At the conclusion of his talk, he took a few questions from the audience and I was fortunate enough to be able to ask him about public engagement.
I asked, “What, if anything, should we do about people who do not want to be involved in community?”
His response was something like this:
There are two kinds of people. First are the people who care and are involved. You can say to the, come, help us learn. Be part of this. The second kind are people who do not want to be involved. This is okay. Just leave them alone. Let them live in peace. They are not hurting anyone.
After conferring with is interpreter, he added this to his initial answer:
Oh! There is a third kind of person. This kind of person wants to be involved so that they can cause trouble. They like to cause trouble. They like to make problems. They aren’t trying to help. Those people – ignore them. Don’t include them.
He’s right. Of course.
How often have we all suffered the effects of involving those who we know to be troublemakers?
It sometimes feels like 90% of your time is spent working with 10% (or less) of the people. It’s painful and it doesn’t sit right. You know there has to be a better way.
Does his advice mean that, as government employees, we can truly decide to ignore people or fail to extend an invitation to them to participate? I don’t think that’s what it means. I think what it means is that we use our resources responsibly and expect others to do the same.
It means that it should be okay to say no. Okay to say enough. Okay to say, you’ve had your time, now we’re going to focus on another person, another question, another issue. We are not going to let you eat up all of our resources – be it staff, materials, time or energy.
Doesn’t this seem wise to you? To set limits? Whether it’s public engagement or customer service, if we allow people to run slipshod over processes and take up time, we end up failing to serve others. This is not what participation is about. This is not what responsible citizenry is about.

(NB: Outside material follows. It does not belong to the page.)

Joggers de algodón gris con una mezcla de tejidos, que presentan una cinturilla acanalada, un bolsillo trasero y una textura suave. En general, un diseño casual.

When we expend too much on one person, we are doing a disservice to other citizens. Moreover, we are failing to use what we have to offer in a way that is wise and respectful.
Let’s not reward selfish behaviour. Let’s not enable this behaviour. Let’s not negotiate absolutely everything. Let’s set responsible limits that encourage participation and service in a way that causes no harm or deficit of resources to others.
The Dalai Lama. One very wise public servant.